Problem to solve ▸
As you restate the entries, keep every word intact and leave out whatever images they hold.

--- Provided data ---

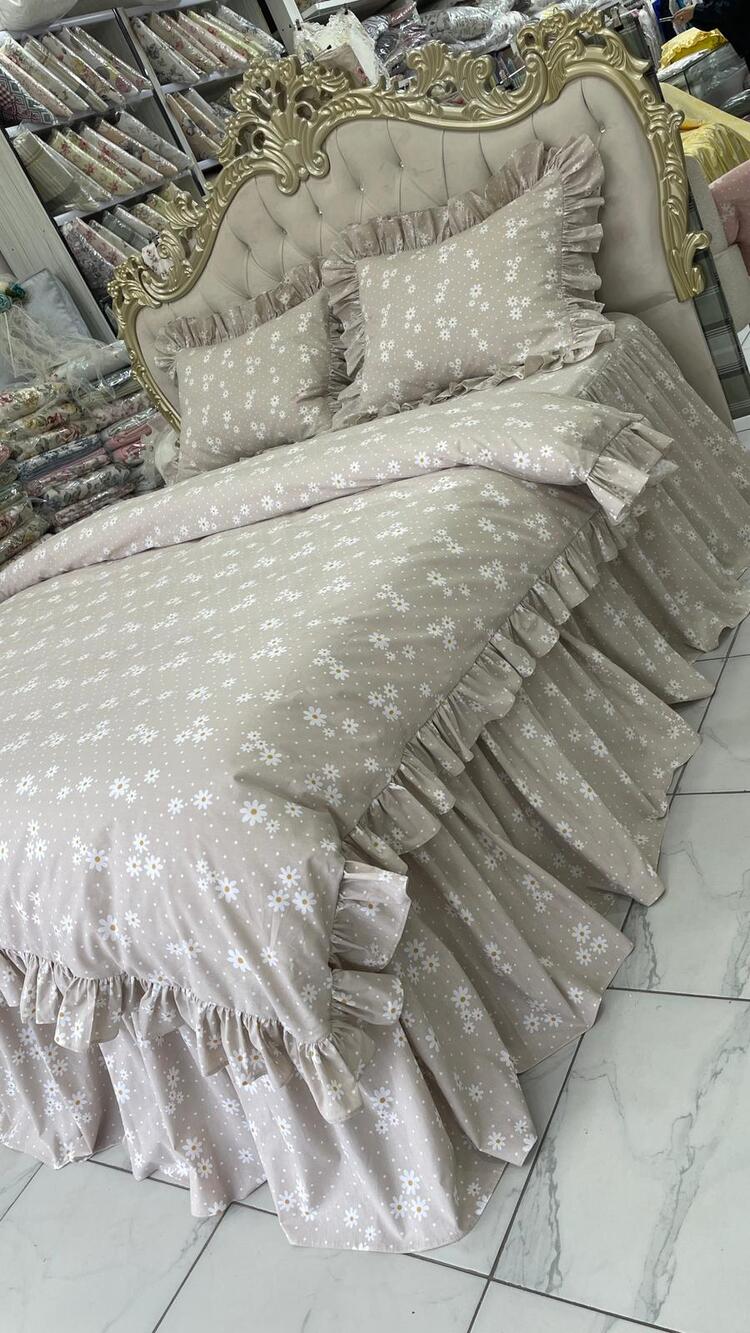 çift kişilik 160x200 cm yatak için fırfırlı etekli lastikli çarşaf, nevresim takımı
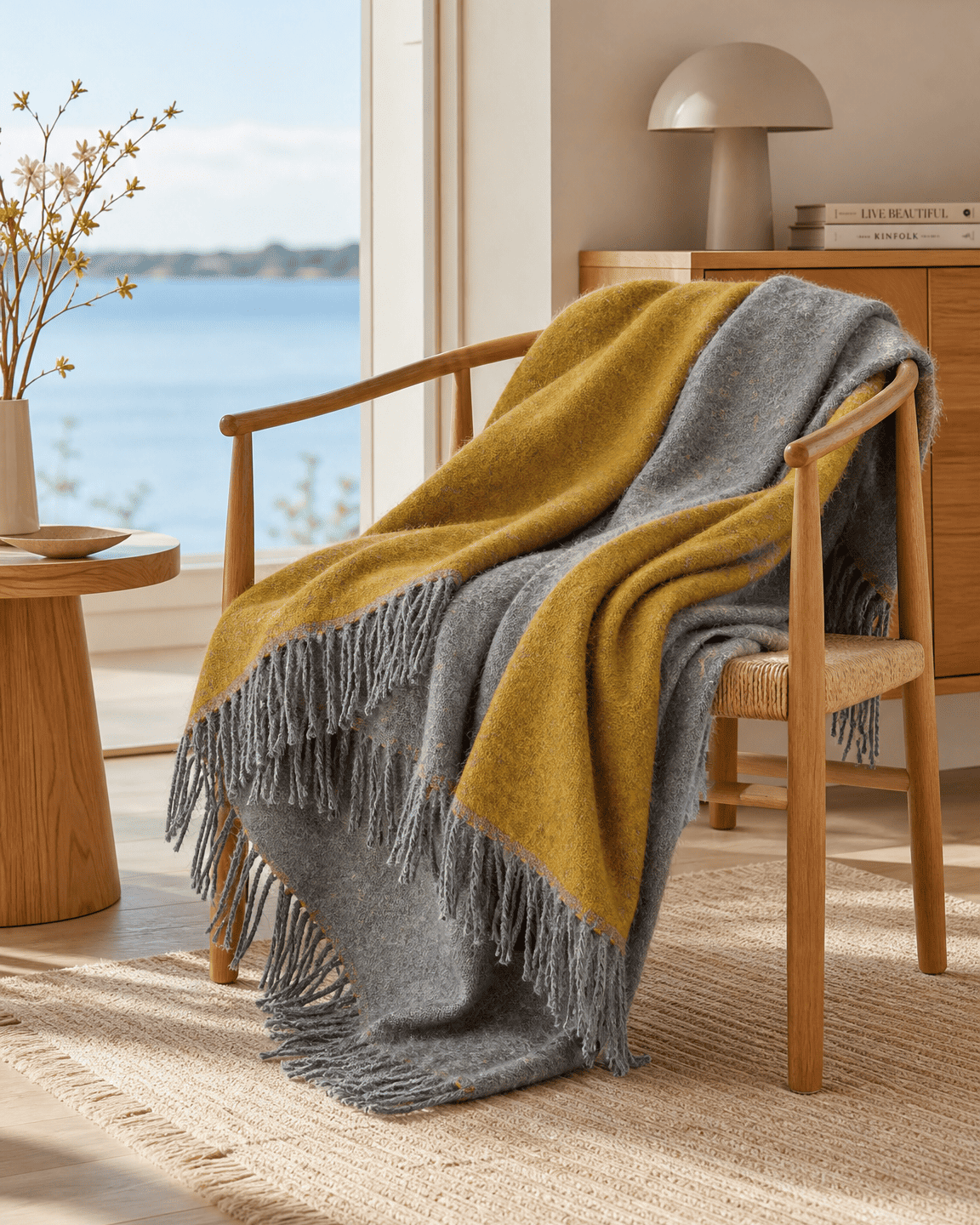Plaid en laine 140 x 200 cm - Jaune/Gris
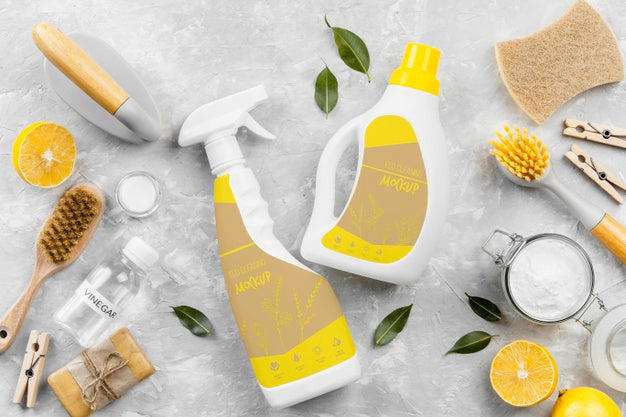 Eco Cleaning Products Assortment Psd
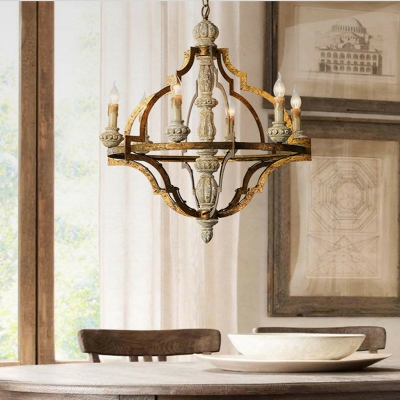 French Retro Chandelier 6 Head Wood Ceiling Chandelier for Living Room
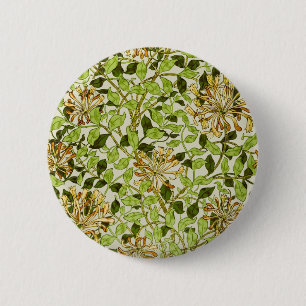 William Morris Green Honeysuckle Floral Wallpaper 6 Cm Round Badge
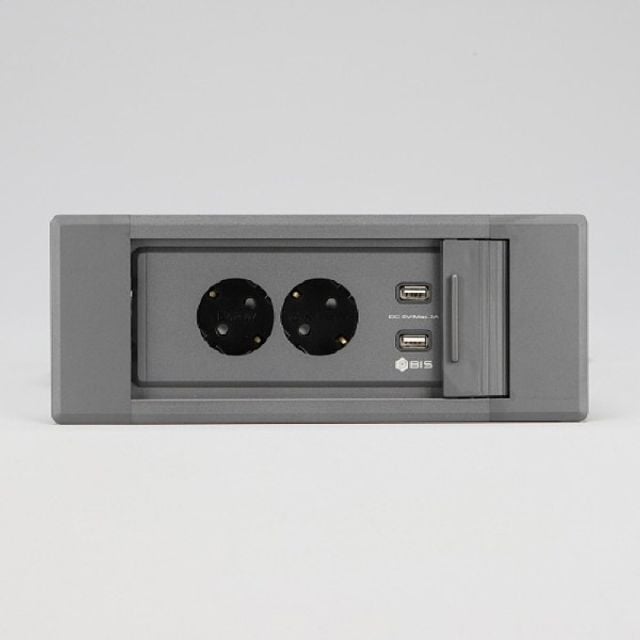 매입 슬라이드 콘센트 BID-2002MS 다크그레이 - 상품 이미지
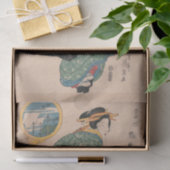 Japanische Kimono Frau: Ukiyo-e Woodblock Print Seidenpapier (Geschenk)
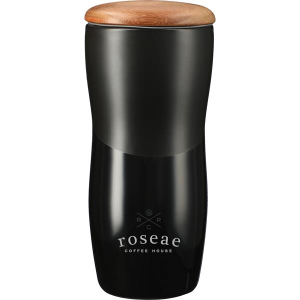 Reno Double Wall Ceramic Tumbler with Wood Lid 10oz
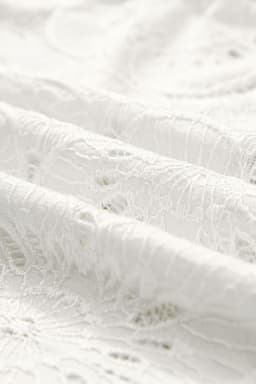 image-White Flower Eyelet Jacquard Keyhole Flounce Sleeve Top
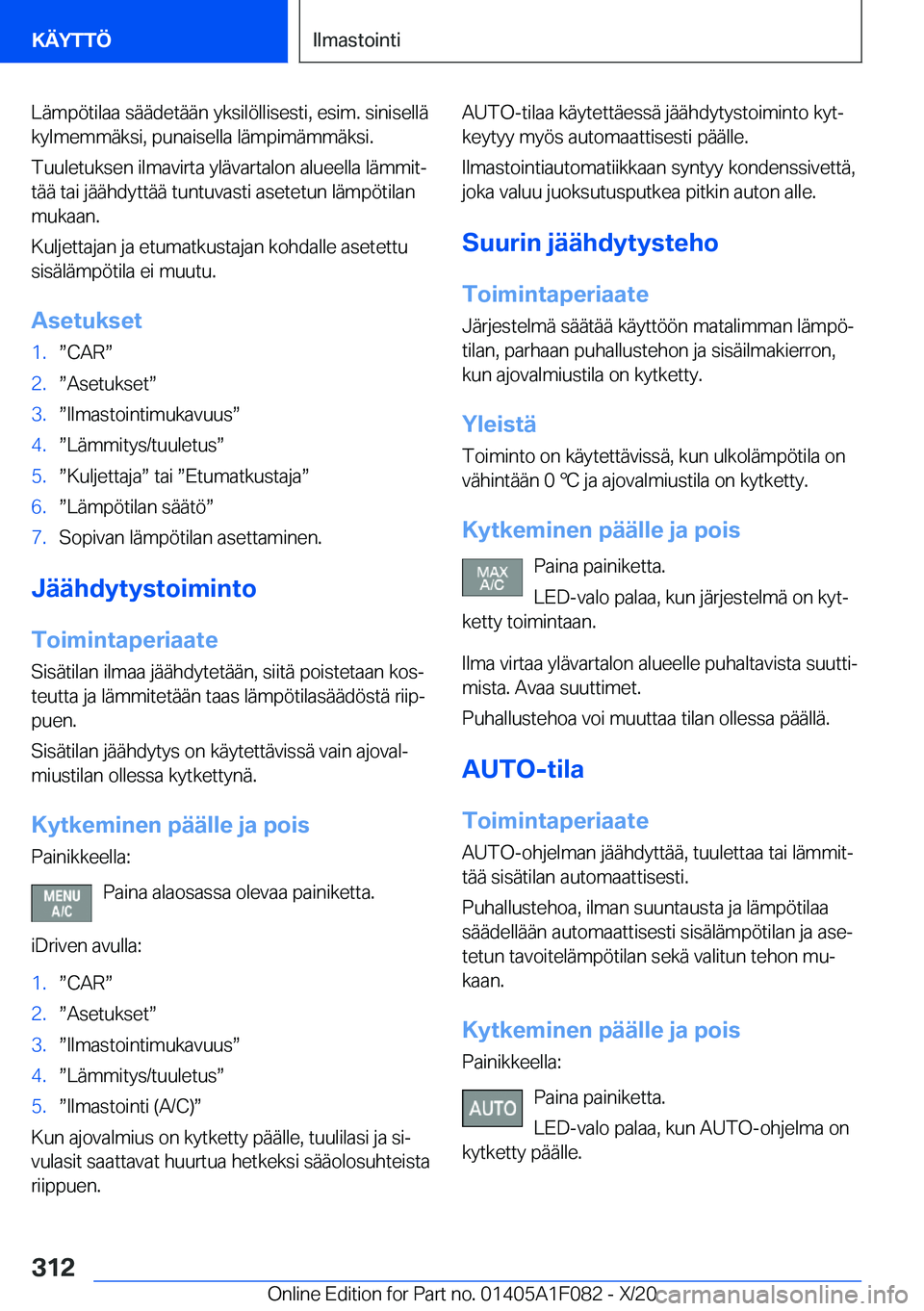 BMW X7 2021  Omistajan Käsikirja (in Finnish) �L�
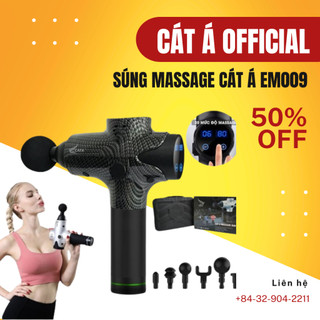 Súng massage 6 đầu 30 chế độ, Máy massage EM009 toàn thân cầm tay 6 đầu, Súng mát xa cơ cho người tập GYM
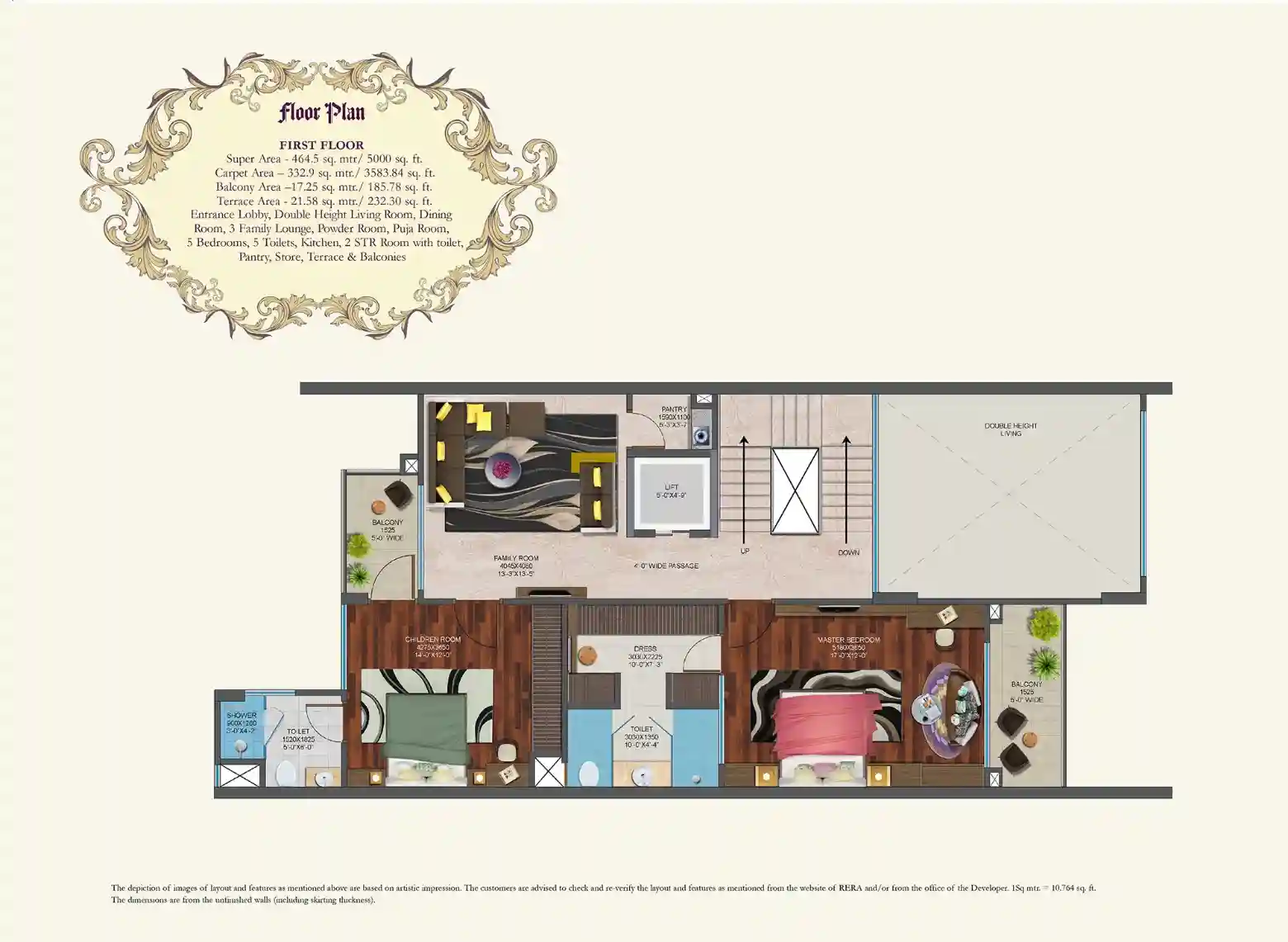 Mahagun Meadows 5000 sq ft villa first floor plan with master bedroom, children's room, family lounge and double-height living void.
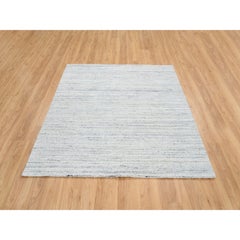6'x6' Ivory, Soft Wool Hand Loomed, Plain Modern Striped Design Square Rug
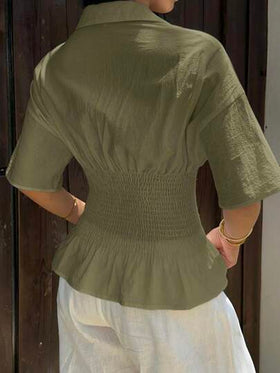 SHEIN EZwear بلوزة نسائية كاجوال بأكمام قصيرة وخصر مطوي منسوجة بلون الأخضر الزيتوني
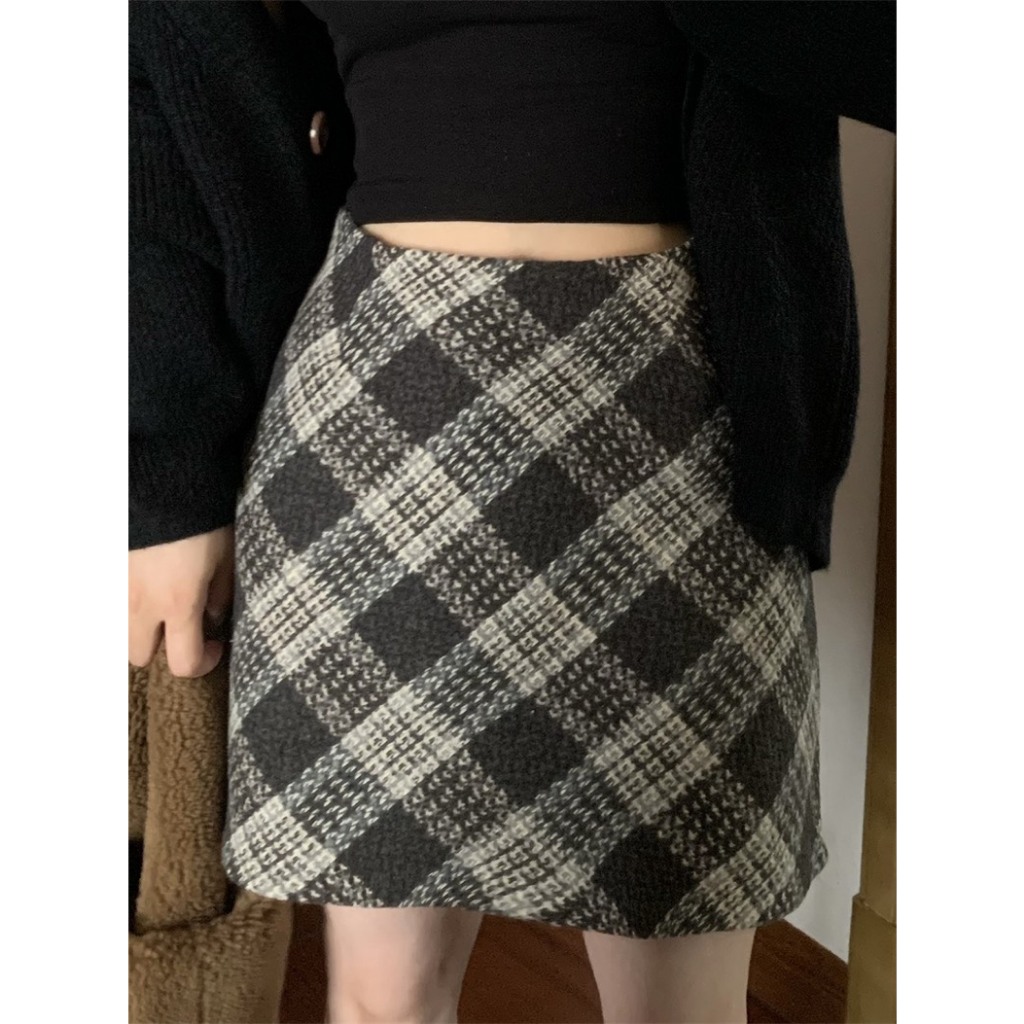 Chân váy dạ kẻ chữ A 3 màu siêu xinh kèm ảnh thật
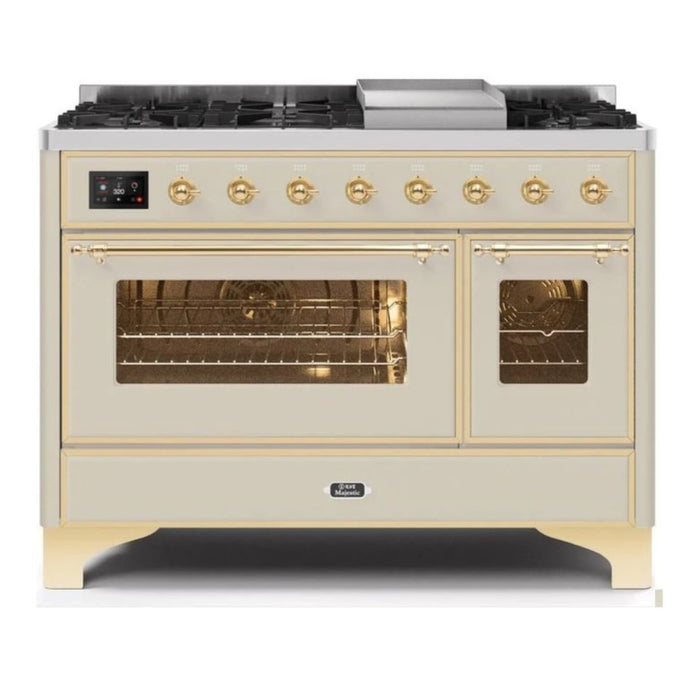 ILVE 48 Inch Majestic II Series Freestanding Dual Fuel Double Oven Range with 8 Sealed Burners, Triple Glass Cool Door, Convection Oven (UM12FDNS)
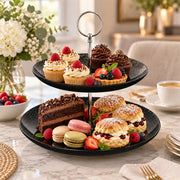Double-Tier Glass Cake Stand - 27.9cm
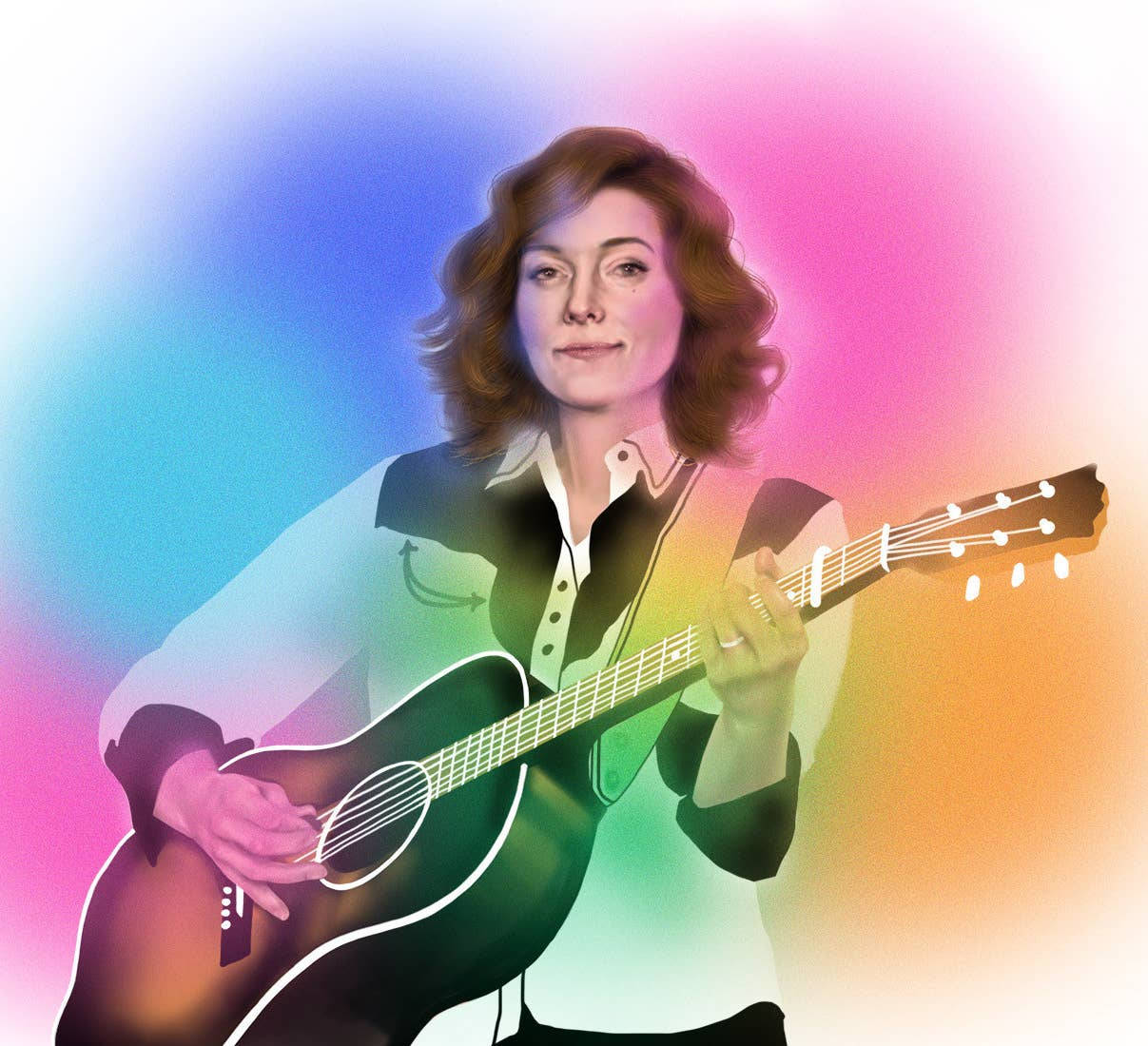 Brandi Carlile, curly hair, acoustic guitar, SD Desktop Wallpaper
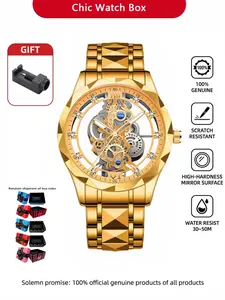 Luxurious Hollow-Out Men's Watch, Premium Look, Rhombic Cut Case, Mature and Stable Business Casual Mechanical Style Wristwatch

---

Your solution ▸
 çift kişilik 160x200 cm yatak için fırfırlı etekli lastikli çarşaf, nevresim takımı
Plaid en laine 140 x 200 cm - Jaune/Gris
 Eco Cleaning Products Assortment Psd
 French Retro Chandelier 6 Head Wood Ceiling Chandelier for Living Room
 William Morris Green Honeysuckle Floral Wallpaper 6 Cm Round Badge
 매입 슬라이드 콘센트 BID-2002MS 다크그레이 - 상품 이미지
 Japanische Kimono Frau: Ukiyo-e Woodblock Print Seidenpapier (Geschenk)
 Reno Double Wall Ceramic Tumbler with Wood Lid 10oz
 image-White Flower Eyelet Jacquard Keyhole Flounce Sleeve Top
 BMW X7 2021  Omistajan Käsikirja (in Finnish) �L�
 Súng massage 6 đầu 30 chế độ, Máy massage EM009 toàn thân cầm tay 6 đầu, Súng mát xa cơ cho người tập GYM
 Mahagun Meadows 5000 sq ft villa first floor plan with master bedroom, children's room, family lounge and double-height living void.
6'x6' Ivory, Soft Wool Hand Loomed, Plain Modern Striped Design Square Rug
 SHEIN EZwear بلوزة نسائية كاجوال بأكمام قصيرة وخصر مطوي منسوجة بلون الأخضر الزيتوني
 Chân váy dạ kẻ chữ A 3 màu siêu xinh kèm ảnh thật
 ILVE 48 Inch Majestic II Series Freestanding Dual Fuel Double Oven Range with 8 Sealed Burners, Triple Glass Cool Door, Convection Oven (UM12FDNS)
Double-Tier Glass Cake Stand - 27.9cm
 Brandi Carlile, curly hair, acoustic guitar, SD Desktop Wallpaper
 Luxurious Hollow-Out Men's Watch, Premium Look, Rhombic Cut Case, Mature and Stable Business Casual Mechanical Style Wristwatch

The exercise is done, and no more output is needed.